**What this task involves**
Using the entries that follow, collect the lines where the word "Tool" appears.

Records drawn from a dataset
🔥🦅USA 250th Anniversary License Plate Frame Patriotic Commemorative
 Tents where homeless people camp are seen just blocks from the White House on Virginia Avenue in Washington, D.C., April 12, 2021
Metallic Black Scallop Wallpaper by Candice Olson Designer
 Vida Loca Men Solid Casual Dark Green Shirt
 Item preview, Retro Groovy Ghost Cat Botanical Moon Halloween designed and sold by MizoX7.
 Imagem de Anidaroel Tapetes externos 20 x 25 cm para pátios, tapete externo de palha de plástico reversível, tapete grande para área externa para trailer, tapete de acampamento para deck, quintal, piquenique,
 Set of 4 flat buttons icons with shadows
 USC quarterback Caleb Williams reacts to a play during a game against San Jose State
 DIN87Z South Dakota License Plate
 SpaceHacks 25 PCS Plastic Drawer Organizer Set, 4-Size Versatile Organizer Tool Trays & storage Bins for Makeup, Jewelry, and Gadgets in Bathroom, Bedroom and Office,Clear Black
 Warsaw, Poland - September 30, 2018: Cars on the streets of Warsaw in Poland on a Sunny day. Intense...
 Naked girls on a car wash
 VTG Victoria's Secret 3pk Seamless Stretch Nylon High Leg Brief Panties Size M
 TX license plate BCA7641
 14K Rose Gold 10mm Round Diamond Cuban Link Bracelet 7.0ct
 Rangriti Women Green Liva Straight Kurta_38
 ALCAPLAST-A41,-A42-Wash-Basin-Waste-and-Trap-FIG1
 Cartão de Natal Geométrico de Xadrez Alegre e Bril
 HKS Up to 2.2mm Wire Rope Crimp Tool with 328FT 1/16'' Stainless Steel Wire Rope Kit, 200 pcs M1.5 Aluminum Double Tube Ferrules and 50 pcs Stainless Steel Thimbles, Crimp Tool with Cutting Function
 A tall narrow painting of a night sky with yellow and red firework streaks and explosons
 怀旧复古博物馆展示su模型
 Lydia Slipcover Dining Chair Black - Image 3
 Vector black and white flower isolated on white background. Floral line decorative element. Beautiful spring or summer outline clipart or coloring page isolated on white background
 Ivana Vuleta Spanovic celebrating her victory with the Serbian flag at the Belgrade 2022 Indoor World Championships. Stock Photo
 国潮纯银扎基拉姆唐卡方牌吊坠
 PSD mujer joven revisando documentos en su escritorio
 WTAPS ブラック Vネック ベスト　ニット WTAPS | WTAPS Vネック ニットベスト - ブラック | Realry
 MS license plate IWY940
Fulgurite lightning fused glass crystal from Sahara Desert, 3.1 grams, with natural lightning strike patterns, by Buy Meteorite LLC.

**Output of the exercise**
 SpaceHacks 25 PCS Plastic Drawer Organizer Set, 4-Size Versatile Organizer Tool Trays & storage Bins for Makeup, Jewelry, and Gadgets in Bathroom, Bedroom and Office,Clear Black
 HKS Up to 2.2mm Wire Rope Crimp Tool with 328FT 1/16'' Stainless Steel Wire Rope Kit, 200 pcs M1.5 Aluminum Double Tube Ferrules and 50 pcs Stainless Steel Thimbles, Crimp Tool with Cutting Function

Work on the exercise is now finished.